How to fight the pressure to have more kids

You should tune out the unsolicited advice couched in concern

In Summary

• It's not unusual to have someone tell you to get a playmate for the firstborn

Illustration of a mother bottlefeeding her baby
Illustration of a mother bottlefeeding her baby

There are questions about life that have become integrated in our cultures as part of ‘the norm’, yet they are utterly disrespectful and inconsiderate. These questions are invasive, unkind and downright disrespectful at times. Alas, society has normalised them as ways of endearment and concern.

When are you getting married? When are you starting a family? When are you having more kids?

These are just some of the most asked yet highly infuriating questions. At some point, they stop being questions and start being demands. The question about having children turns into a demand on having more children! As soon as your baby starts crawling, the noisemakers take their turn to comment how nice it would be for the baby to have a playmate.

This same scenario came to life before my eyes just this past week. I was sitting on the grass in the garden on video call with a close relative when I showed them my son zooming in all directions around the garden. “Oh, poor kid, he looks so bored playing by himself. He needs a playmate. If you have a second kid, he would have someone to play with.” No, if I had a second kid, I would not have the time to sit on the grass and play with my first kid!

Sometimes people mean well when they vocalise their opinions unnecessarily.

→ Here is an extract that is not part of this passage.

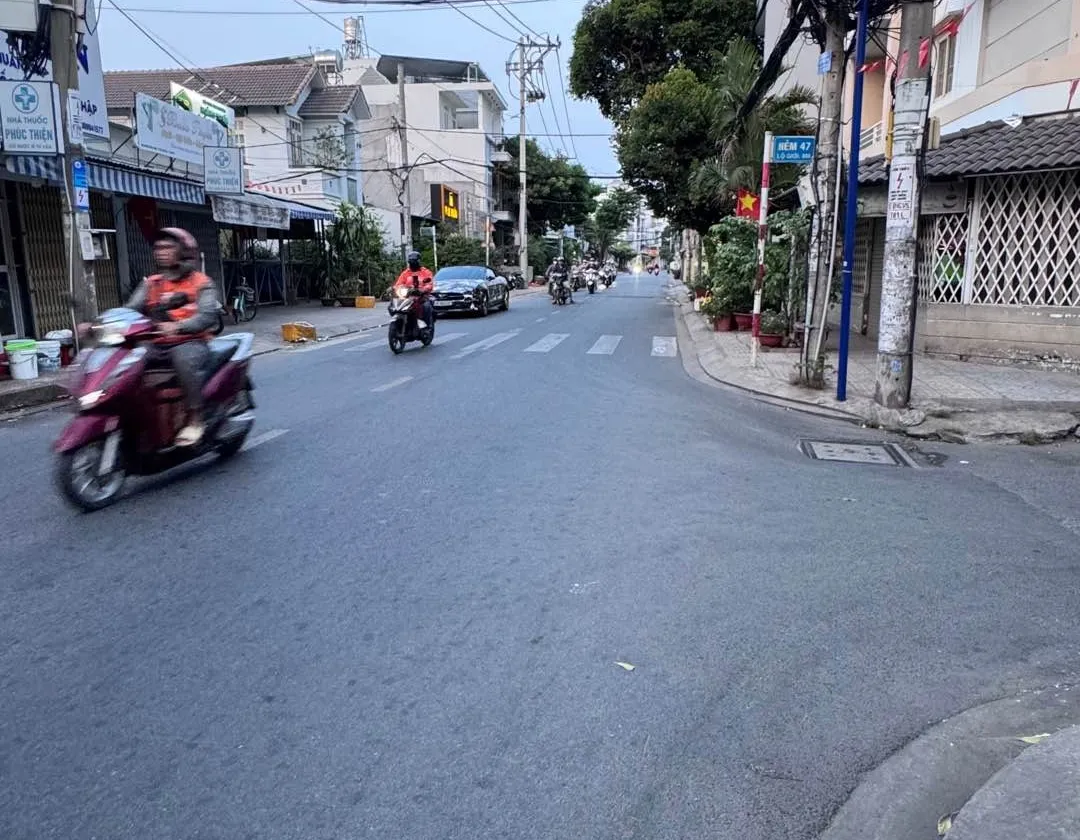 Bán nhà mặt phố 4 tầng, 48m2 tại Tân Sơn Nhì, giảm giá nhanh... Bán nhà mặt phố tại Tân Sơn Nhì, Hồ Chí Minh 01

However, just because they went through something does not mean everyone else must go through the same. Older generations had children back to back. That was normal in their times just as it was normal for the child to be raised by the proverbial village. However, in my time, what is normal to me are my day to day experiences that do not reflect those of opinion holders just because they have been there and done that.

I do not have a village, I do not even have a person to watch my kid for two minutes during the day for a quick bathroom break. Moreover, I took a break from my career and life in general to be my child’s caregiver and first teacher because I want to give him the kind of foundation I deem necessary before he starts his school years.

For the first few years of their lives, our kids deserve all our attention. To those who can manage to share their attention fairly between more than one child, I say rock on! To those of us who choose to have one kid because we cannot afford to focus on multiple little humans who demand our undivided attention, I say, remember when the world is asleep and the noisemakers are snoring peacefully in their beds, having convinced you to have more than one kid, you and you alone will be up at odd hours of the night, taking care of your babies without any help.